Copying all keys and their values, under a new name.

For example right now, by default, all the filesystem entries in the root directory are stored beneath the key "SKX:/" - where "SKX" is the key prefix.

Assume I copy each existing key, and the associated value(s), giving them a new prefix such as "SKX2:" I can mount the filesystem against that prefix - and we've got a point-in-time snapshot.

Serialising all keys & values

Redis has a primitive which allows you to determine the names of keys at runtime. Given that all my filesystem keys have a prefix ("SKX:" by default) it wouldn't be difficult to find them, and serialise them.

This would require more effort to re-import and re-mount, but it should be portable across hosts.

Anyway assuming I get this right we'll have a filesystem which is replication-friendly and snapshot-able. A fun combination.

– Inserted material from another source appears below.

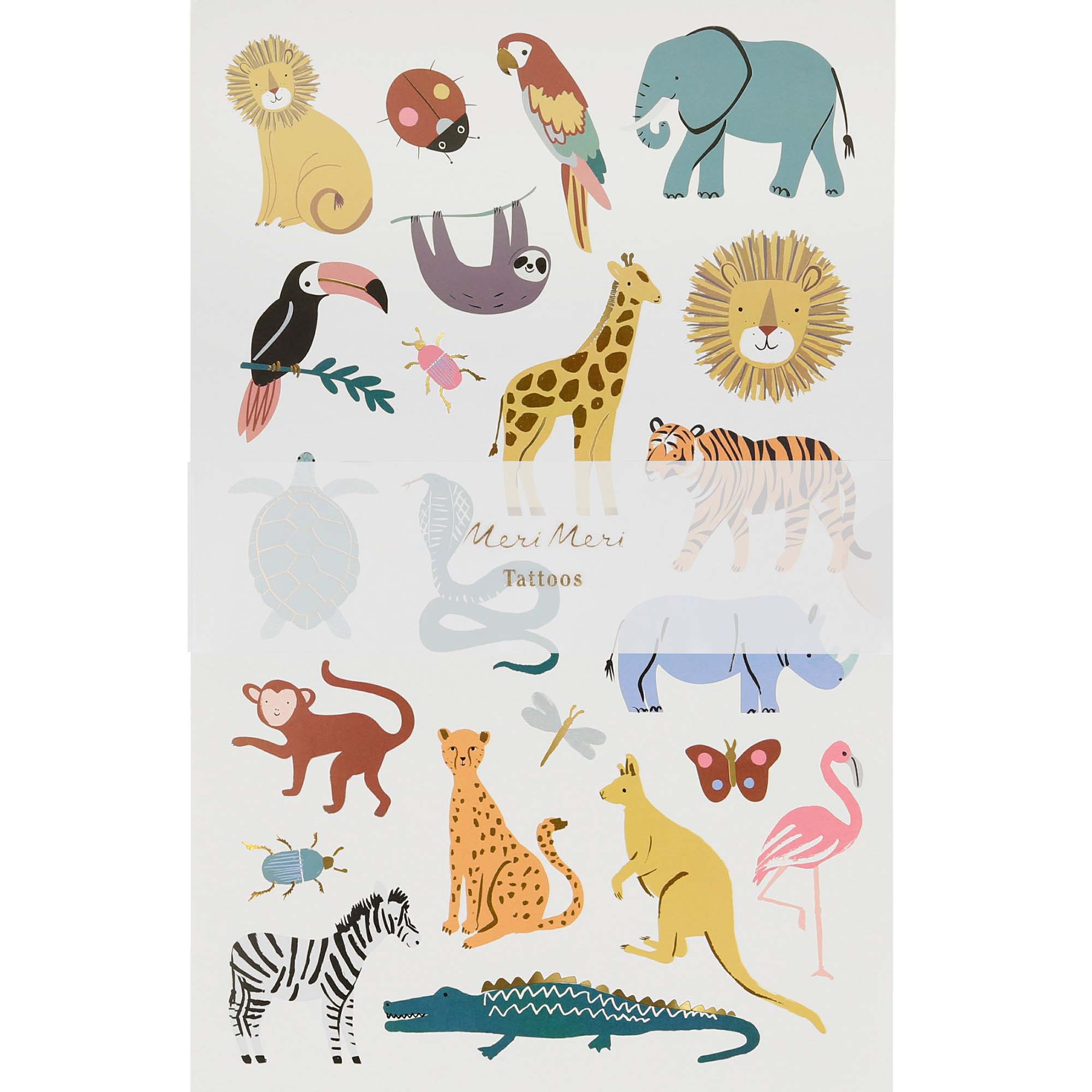 Wild Animals Temporary Tattoo Sheets、mySite、ghnorth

ObQuote: "We had been everywhere. We had really seen nothing. " - Lolita

| 7 comments.

 

Comments On This Entry

[gravitar] Andrew

Submitted at 02:03:28 on 6 march 2011

Thanks - seems to work fine. One thing I don't get: how or where is file content saved?

[author] Steve Kemp

Submitted at 03:02:32 on 6 march 2011

For each new object you create, be it a file, a directory, or a symlink, a new number will be allocated. (See the source code function "get_next_inode()".)

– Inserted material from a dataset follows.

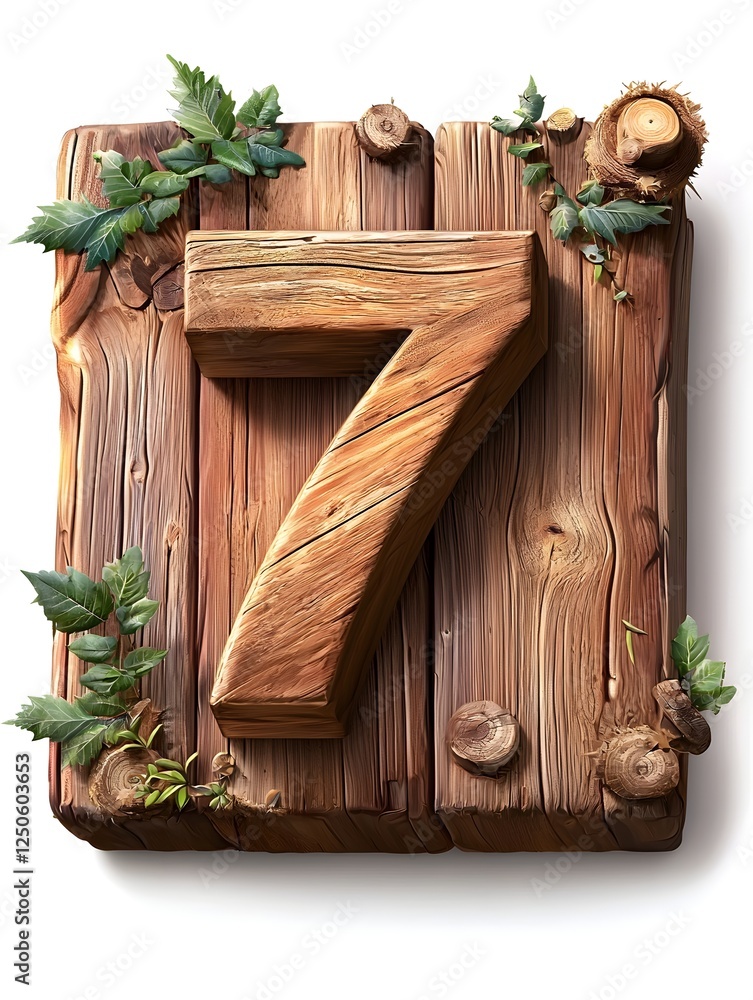 Poster rustic wooden number 7 in natural textured frame vintage style decorative numeral typography element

The new entry will have a lot of keys created for it, in Redis, to hold different pieces of information. These keys will hold data such as the owner, the group ID, the access time, the creation time, and so on.

The very first number you create, once you mount the filesystem, will be 1. The second will be 2, and so on. And this number will be part of the keys stored in redis. So for example you might see you have keys like this:

  • SKX:INODE:1:GID - The file owner, for file number 1.
  • SKX:INODE:6:ATIME - The access-time of the file, for file number 6.

Some keys will be present for all directory entries. Others are type-specific. (You'll see "SKX:INODE:4:TYPE", for example, which will hold one of "file", "dir", or "linK".)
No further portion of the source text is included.